Here's a rundown of the latest storm-related damage and closures:
UPDATE (11:05 a.m.): A few thousand people in the region are still without power this morning. Pepco has 1,153 customers out of power in Montgomery County, 101 in Prince George's County and 48 in Washington. 425 customers of Dominion Power in Northern Virginia are also in the dark.
UPDATE (9:54 a.m.): ABC 7 photographer Irene Johnson sent in this photo of a tree that came down onto a home:
UPDATE 7:56: Check out these pictures of how this morning's storm brought down a huge tree on the National Mall.
UPDATE 7:46: Classes at Jefferson Middle School are cancelled due to a power outage.
UPDATE 6:43: Watch ABC7's latest report:
UPDATE 6:12: Eastern Avenue at Minnesota Avenue is closed due to high water.
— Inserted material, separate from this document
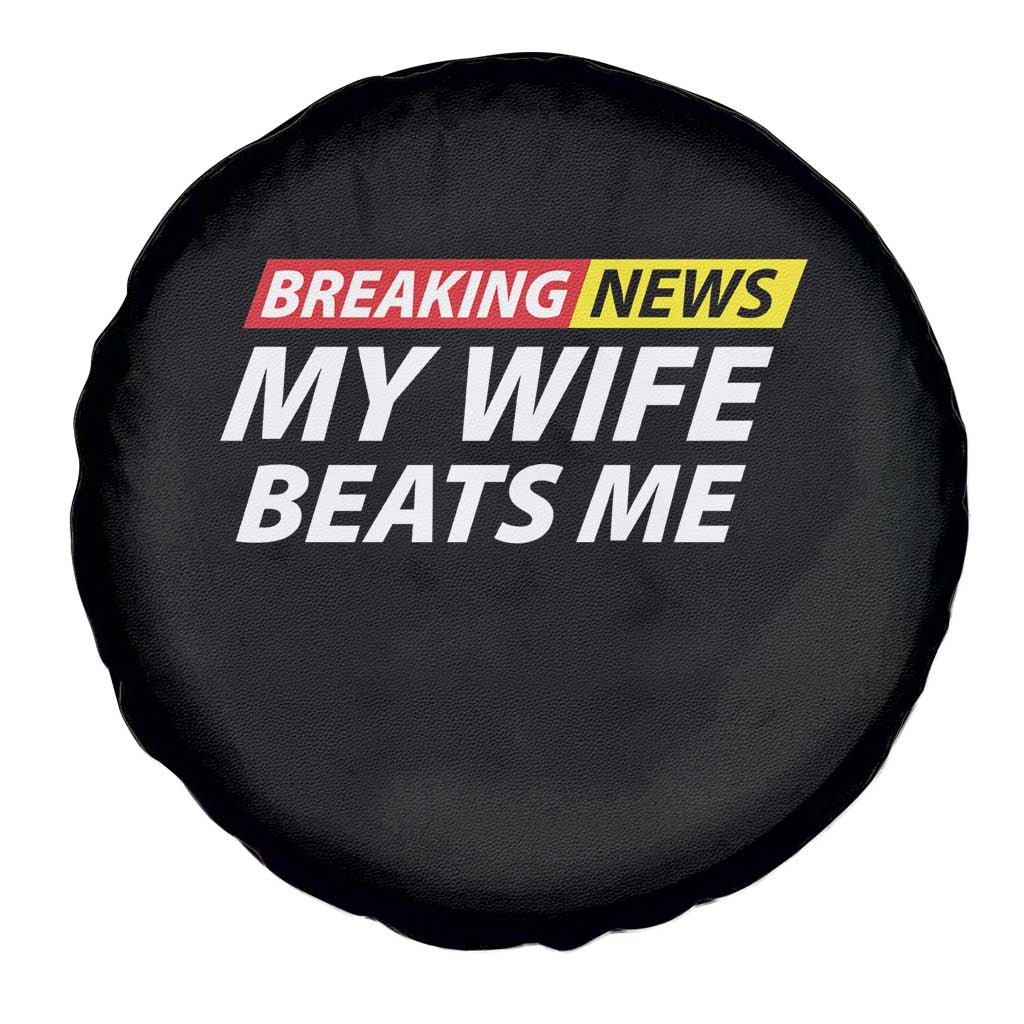 Funny Breaking News My Girlfriend Beats Me Boyfriend Spare Tire Cover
UPDATE 5:22: A man was injured when a tree fell on his car in Chevy Chase. Read more.
For more on the storm, check out ABC7's morning report:
By yesterday evening, a squall line stretching 900 miles from Louisiana to Ohio was chewing up the gut of the country. An auto plant in Christian, Ky., took a direct hit from a tornado that shattered the aluminum structure and injured seven workers, including one dude operating a forklift who was thrown into a wall. Roofs were ripped open and a water-system building was damaged in Tensas, La. Fierce winds knocked a mobile home off its base and injured two men “inside a chicken house” in Hempstead, Ark. Etc., etc.
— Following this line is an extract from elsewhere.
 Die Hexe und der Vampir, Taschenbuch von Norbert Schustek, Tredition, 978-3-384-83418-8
The potential for damaging winds around D.C. has decreased since the initial forecast Monday. But a jet streak – a fast-moving current in the larger jet stream – is racing by not too far above us, and some of those speedy winds could mix down to the ground, knocking down branches and possibly blowing around a few airborne bunnies. That the strongest portion of the storm will pass through D.C. in the dark, cool hours takes some of the punch out of this system. But unfortunately for light sleepers, it could still have some woof.
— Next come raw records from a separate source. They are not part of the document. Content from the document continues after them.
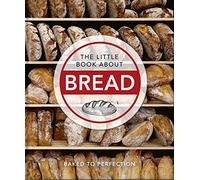 The Little Book About Bread: Baked to Perfection: 12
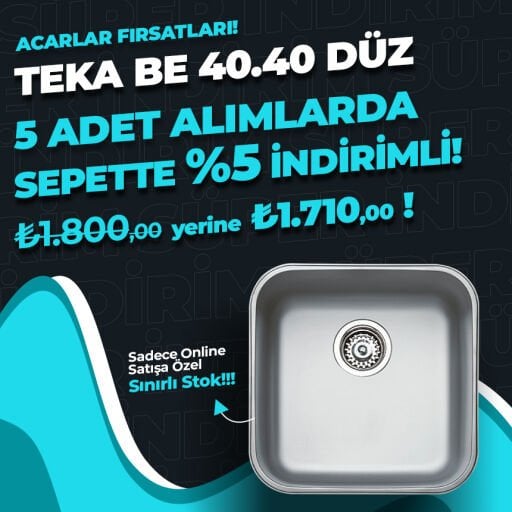 5 ADET TEKA BE 40.40 DÜZ YÜZEY ALANA SEPETTE %5 EK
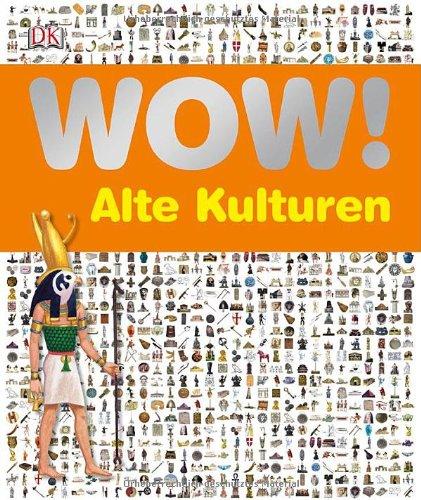 WOW! Alte Kulturen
“If people don’t live near a bowling alley it may sound like they do around 4 a.m.,” says ABC7 senior meteorologist Bob Ryan. “There’s likely to be a lot of blurry eyes in the morning.”
A cool rain is expected to fall into the early afternoon as temperatures plummet in the wake of a cold front. Goodbye, record high temperatures (84 at Dulles and 86 at BWI) – welcome back to the cheerless 50s.